The result should be an exact copy of only the lines from the one with "Haller Survivalmesser Jungle" through the last line of the data below, with pictures omitted.
* * *
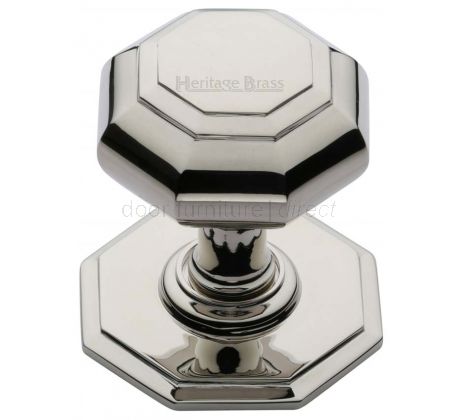 Heritage V890 Polished Nickel Octagonal Centre Door Knob 82mm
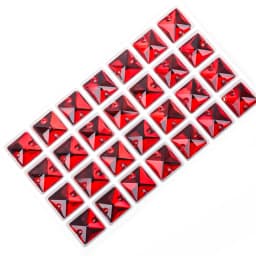 VC Sew on Rhinestone Square Shape Crystals Flatback Crystals for Clothing Shell Beads for Wedding Dresses Decoration DIY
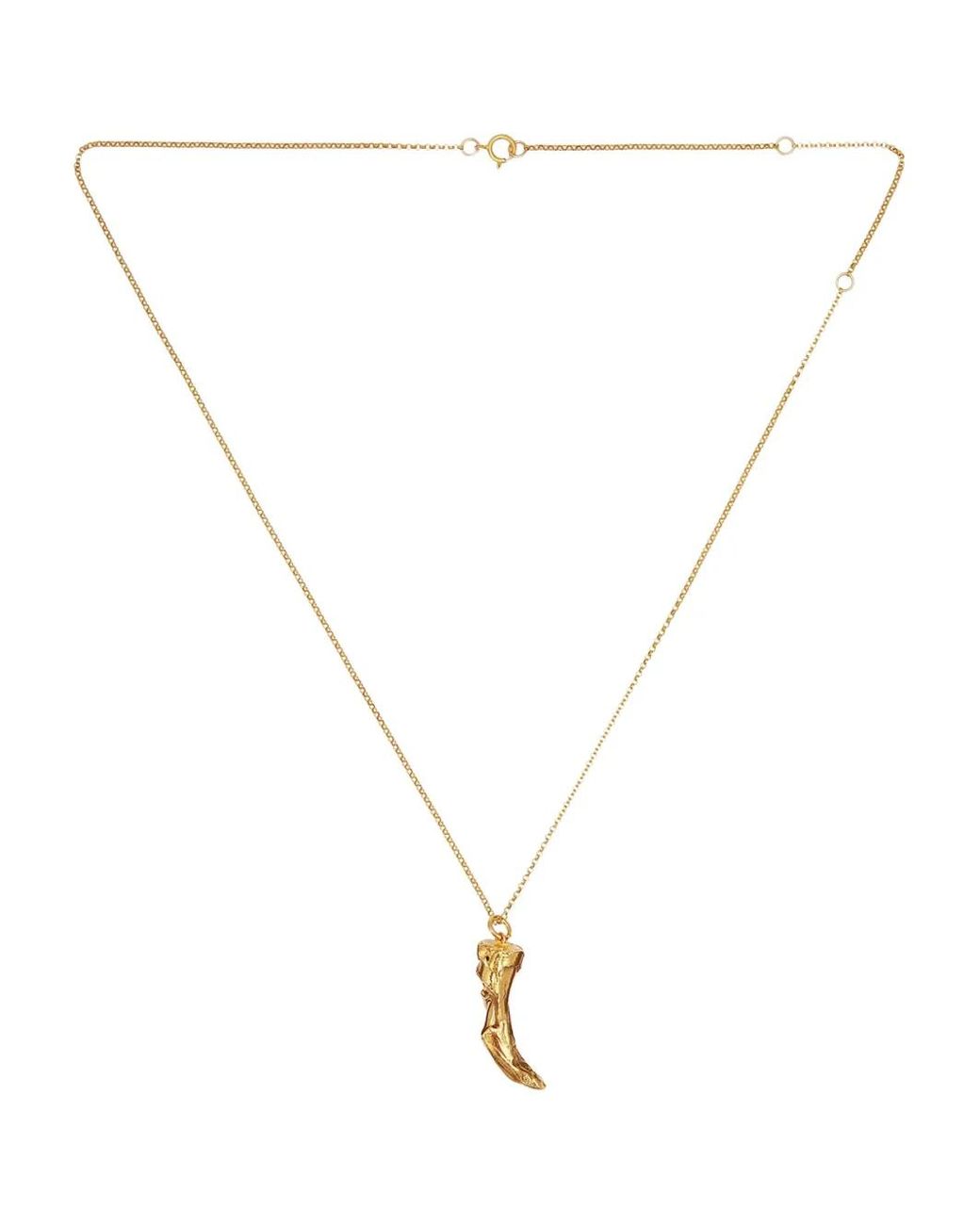 Alighieri White Statement-Pendant Necklace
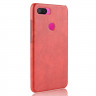 Чехол Litchi Texture для Xiaomi Mi 8 Lite (красный)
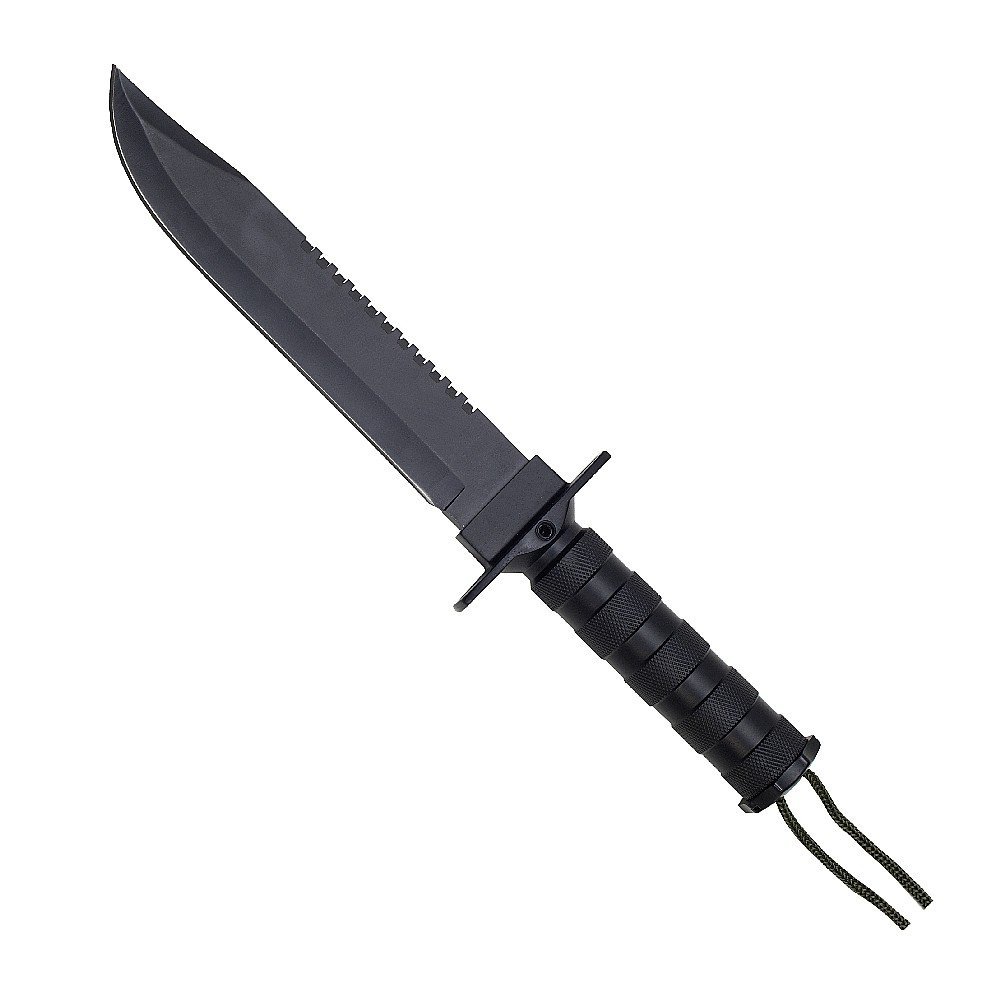 Haller Survivalmesser Jungle Adventurer – Klingenlänge 20,5 Cm, Gesamtlänge 34,5 Cm – Mit Kompass & Survival-Utensilien Im Griff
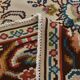 Kilim persan tons crème et bordeaux, motifs floraux élégants vintage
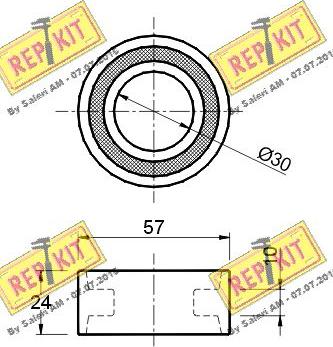 REPKIT RKT1044 - Ohjainrulla, hammashihna inparts.fi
* * *
■ TASK RESPONSE:
 Haller Survivalmesser Jungle Adventurer – Klingenlänge 20,5 Cm, Gesamtlänge 34,5 Cm – Mit Kompass & Survival-Utensilien Im Griff
 Kilim persan tons crème et bordeaux, motifs floraux élégants vintage
 REPKIT RKT1044 - Ohjainrulla, hammashihna inparts.fi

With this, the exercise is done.